Every entry below should be written out exactly, and no image should appear.
Record excerpts below:
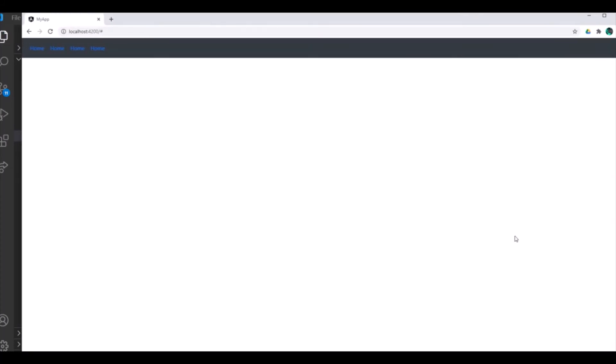This is all. This is how you can add Bootstrap into your Angular project and can create a navigation bar very easily. Thank you very much.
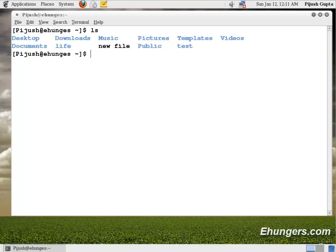When these files and folders have been created, what is the size of my file, these are all properties of a file or a directory. To see those properties of a file we have to use some kinds of parameters with ls command, parameters like minus a, minus l, minus h.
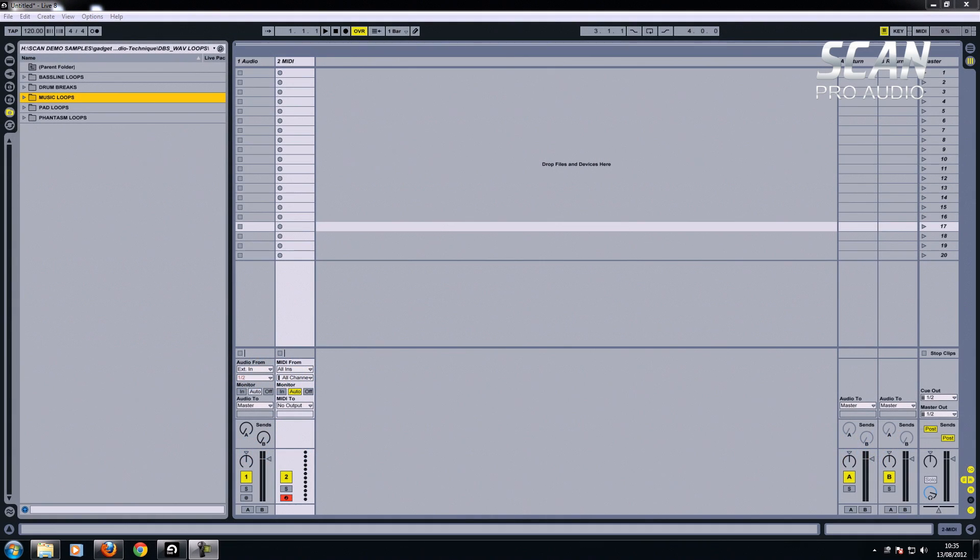Hi there, it's Simon from ScanPro Audio. In this video I'm going to give you a brief overview of what you can do with Ableton Live, some of the different techniques and just the ways you can organize samples and MIDI.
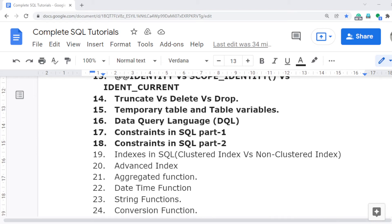Welcome to the SQL tutorial video series. In this video, I will discuss indexes, which is a very important topic for SQL performance. By using indexes, we can achieve better performance of the code and queries.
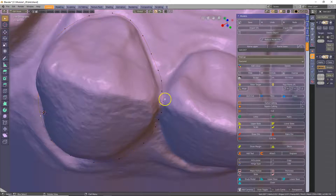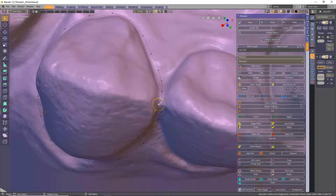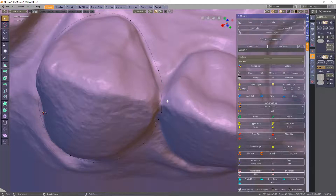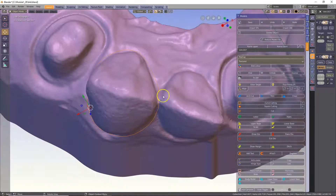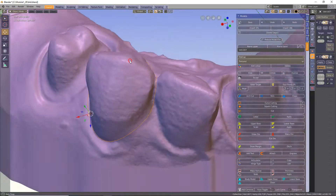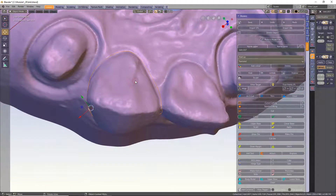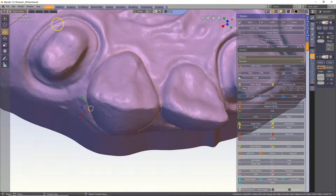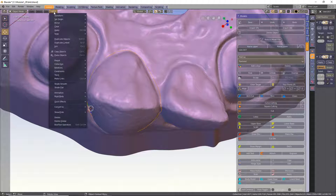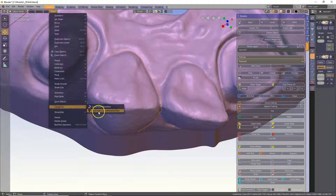Then tab into edit mode and you may have to select the vertices and press Q. Q will move it 0.2 mm away from the surface, then tab again. Now we need to convert this into a mesh. This is easily done by going to the objects menu and clicking convert to mesh.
End of Record excerpts.
## Completed task
This is all. This is how you can add Bootstrap into your Angular project and can create a navigation bar very easily. Thank you very much.
When these files and folders have been created, what is the size of my file, these are all properties of a file or a directory. To see those properties of a file we have to use some kinds of parameters with ls command, parameters like minus a, minus l, minus h.
Hi there, it's Simon from ScanPro Audio. In this video I'm going to give you a brief overview of what you can do with Ableton Live, some of the different techniques and just the ways you can organize samples and MIDI.
Welcome to the SQL tutorial video series. In this video, I will discuss indexes, which is a very important topic for SQL performance. By using indexes, we can achieve better performance of the code and queries.
Then tab into edit mode and you may have to select the vertices and press Q. Q will move it 0.2 mm away from the surface, then tab again. Now we need to convert this into a mesh. This is easily done by going to the objects menu and clicking convert to mesh.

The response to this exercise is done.